BY Carly LewisPublished Mar 15, 2013

7
When a fan on Twitter called Billy Bragg "the sherpa of heartbreak," the controversial-cum-contemplative songwriter took note and wrote a record steeped in matters of the heart. Tooth & Nail marks Bragg's 13th album — his first in five years — and is at times so unhurried one might suspect it was recorded at a meditation retreat (in fact it was finished in five days at producer Joe Henry's house). But the slowed-down, sorrowful songs on Tooth & Nail are no sign of softening. Bragg's viscous Essex accent was long ago swapped for a smoother, American-sounding singing voice, and while his style on Tooth & Nail doesn't revisit any old mannerisms, it is an album made of dejection.
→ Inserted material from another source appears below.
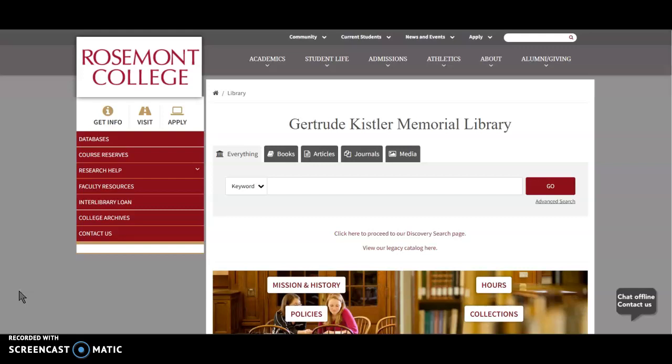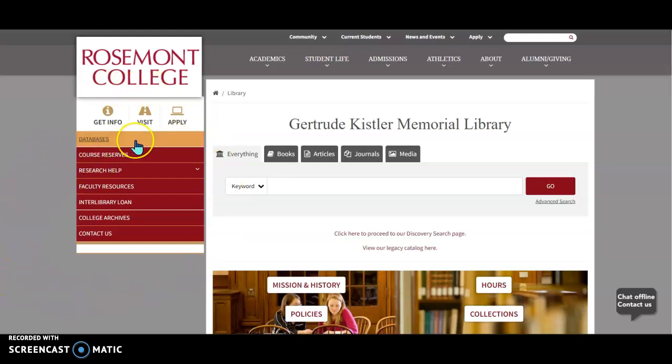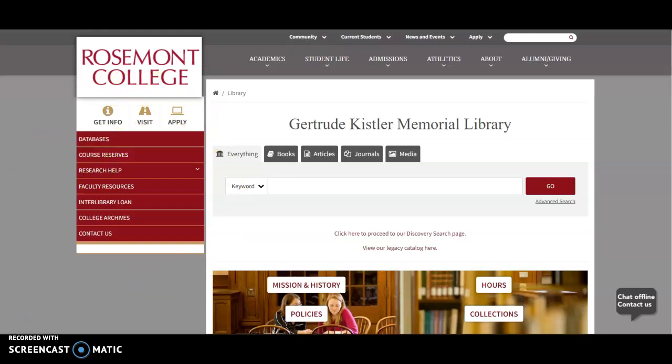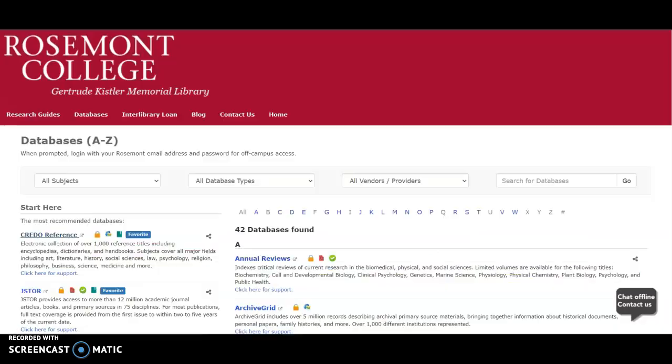The first thing you're going to want to do is go to the Rosemont Library website, rosemont.edu/library. On the left-hand side you'll see a link that says 'databases,' so you're going to click on it.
Lyrically, album opener "January Song" resigns itself to, rather than resists, issues of corporate greed, and grandmotherly metaphors like "if you go chasing rainbows you're bound to end up getting wet" crop up often enough to make the sensitivity profound. Those who've come to rely on Billy Bragg for anthems of activism will instead hear disillusioned lullabies, and more thoughtful listening is required to excavate the animosity. Tooth & Nail is mellow, but not un-edgy. A requisite cover of Woody Guthrie's "I Ain't Got No Home" makes a charming cameo, and album closer "Tomorrow's Going To Be a Better Day," sung "to the misanthropic misbegotten merchants of gloom," obeys Bragg's legacy of fighting for good.